- [GOAL OF THE EXERCISE]
Your task is to repeat exactly the lines from the one with "Wall Mural - cobblestone" through the end of the records, both included; please leave the pictures out.

- [SOURCE MATERIAL]
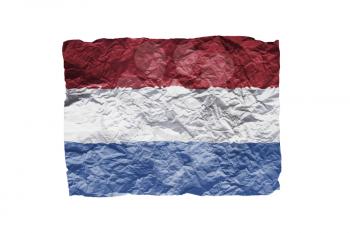 Close up of a curled paper on white background, print of the flag of Holland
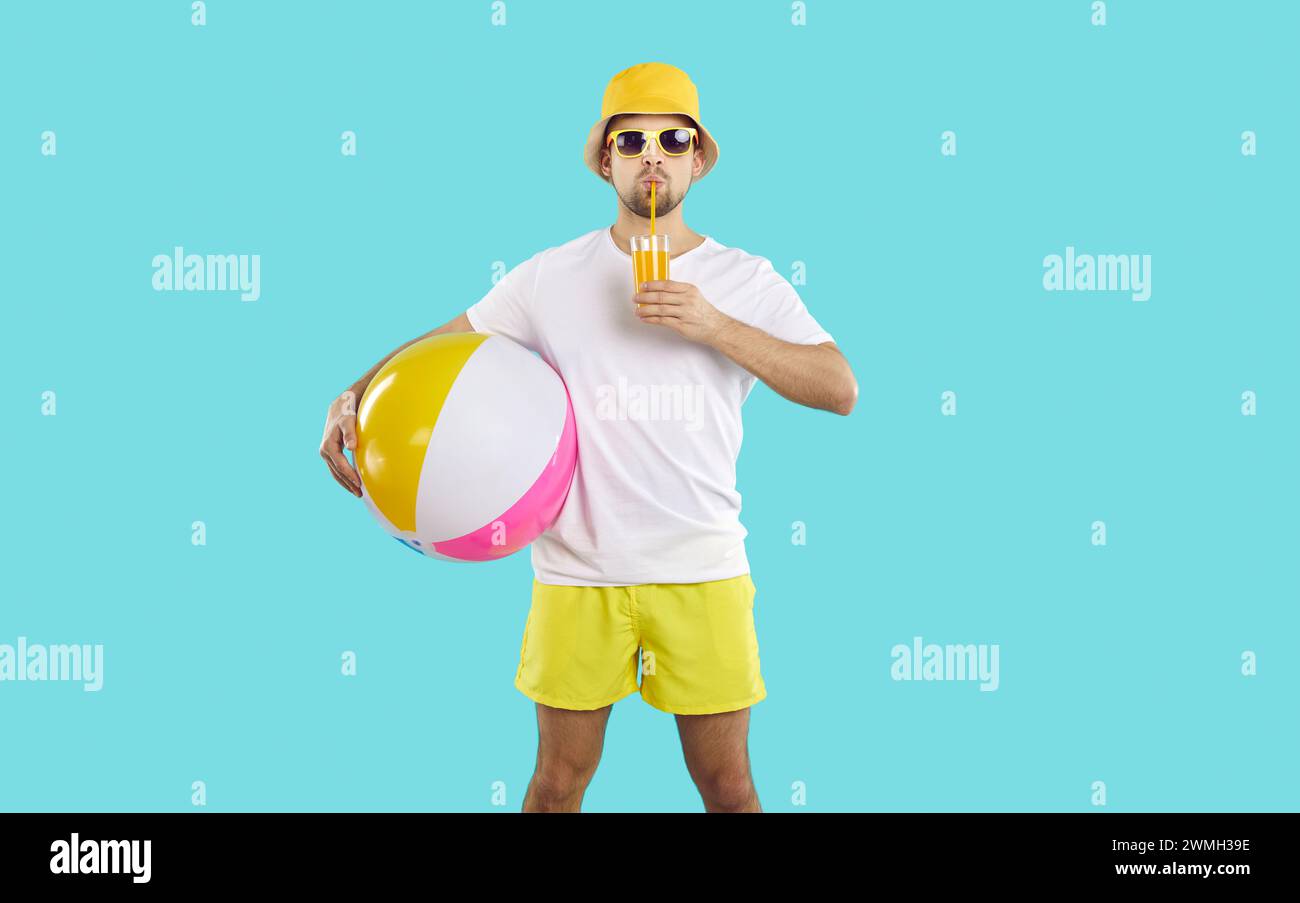 Vacancier masculin drôle avec boule de plage gonflable buvant cocktail orange sur fond bleu clair. Banque D'Images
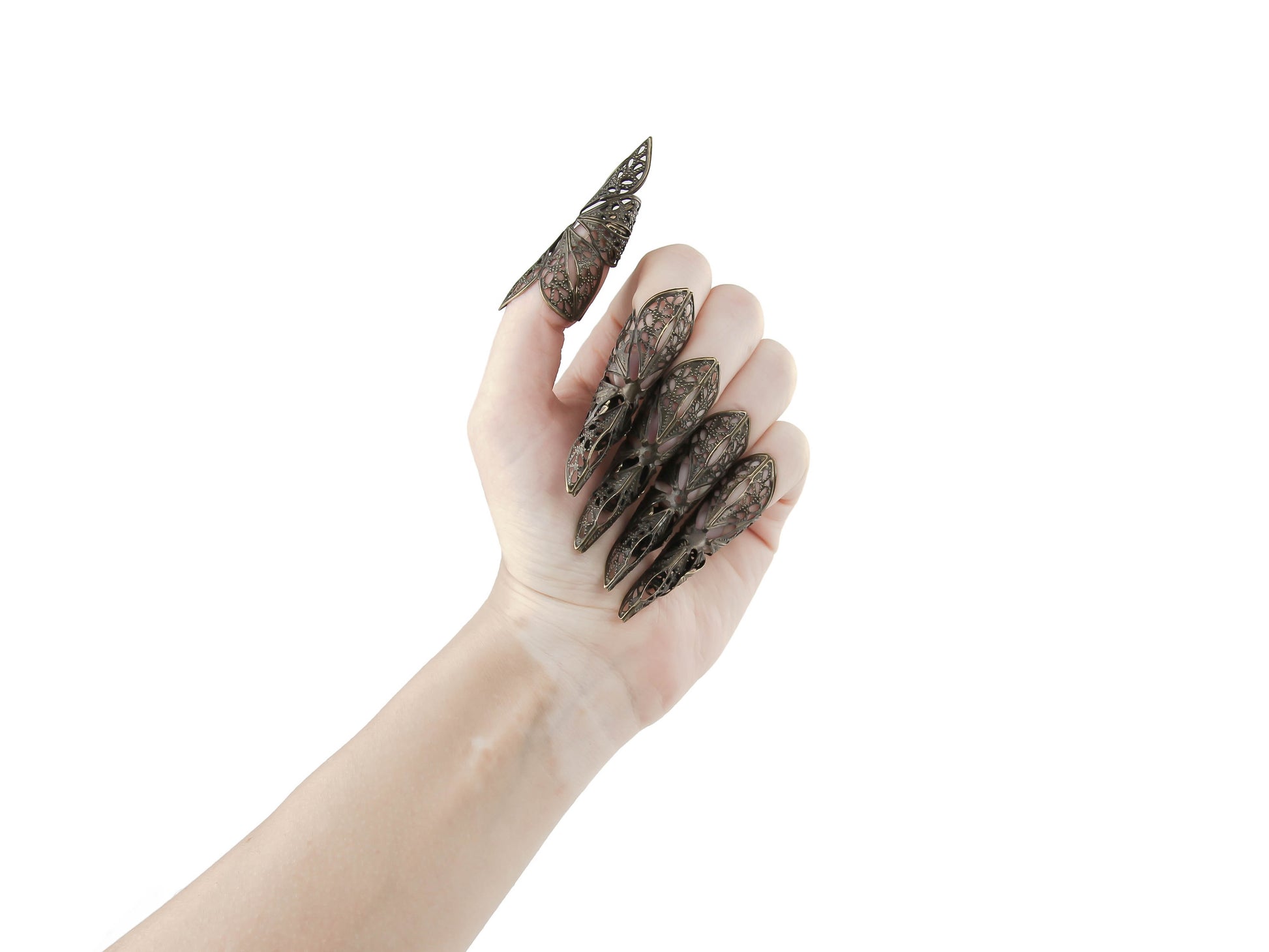 Delve into the world of Myril Jewels with these striking long bronze nail claws, embodying the essence of neo-gothic jewelry. These intricately designed pieces are perfect for Halloween, capturing the gothic-chic spirit and offering a bold touch to rave or festival outfits. They're a daring addition to any witchcore or minimal goth collection, making them an exceptional gift for the goth girlfriend who adores unique, statement jewelry.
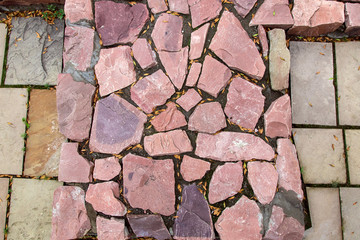 Wall Mural - cobblestone pavement made of red rough stone, texture top view.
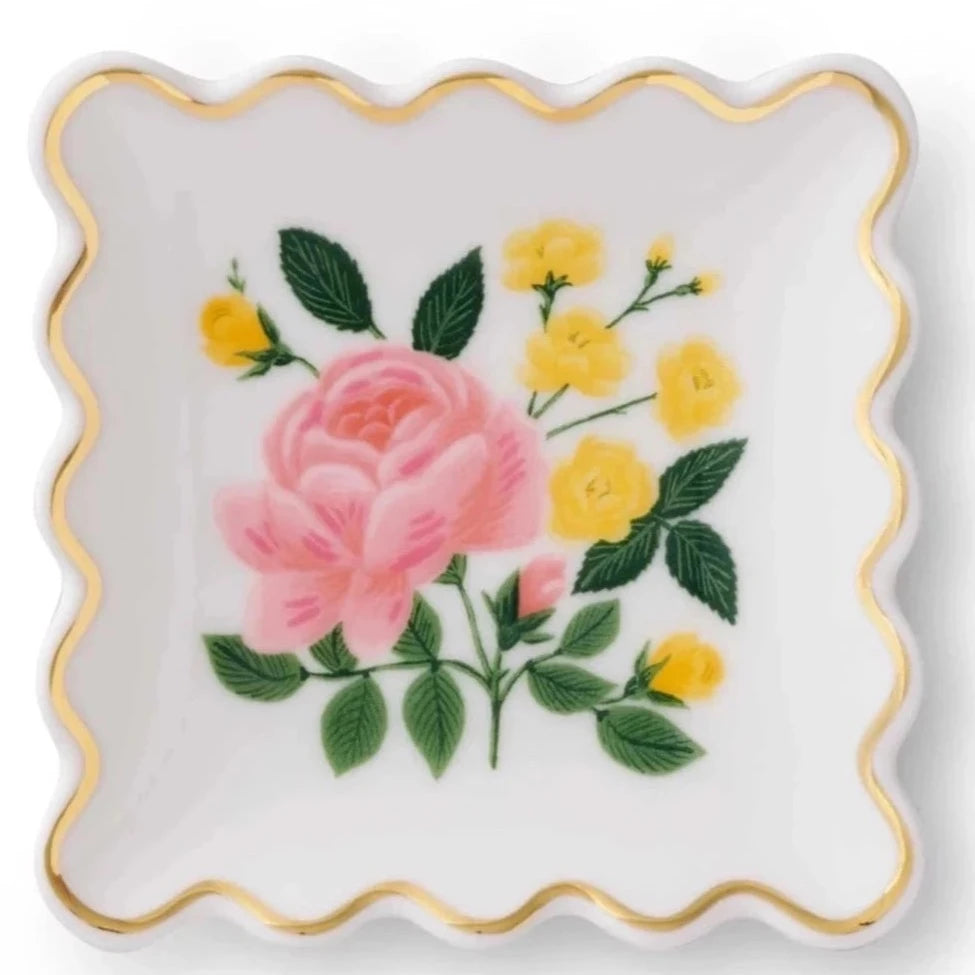 white rectangular ring dish with scalloped edges. in the center is a rose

- [EXPECTED ANSWER]
 Wall Mural - cobblestone pavement made of red rough stone, texture top view.
 white rectangular ring dish with scalloped edges. in the center is a rose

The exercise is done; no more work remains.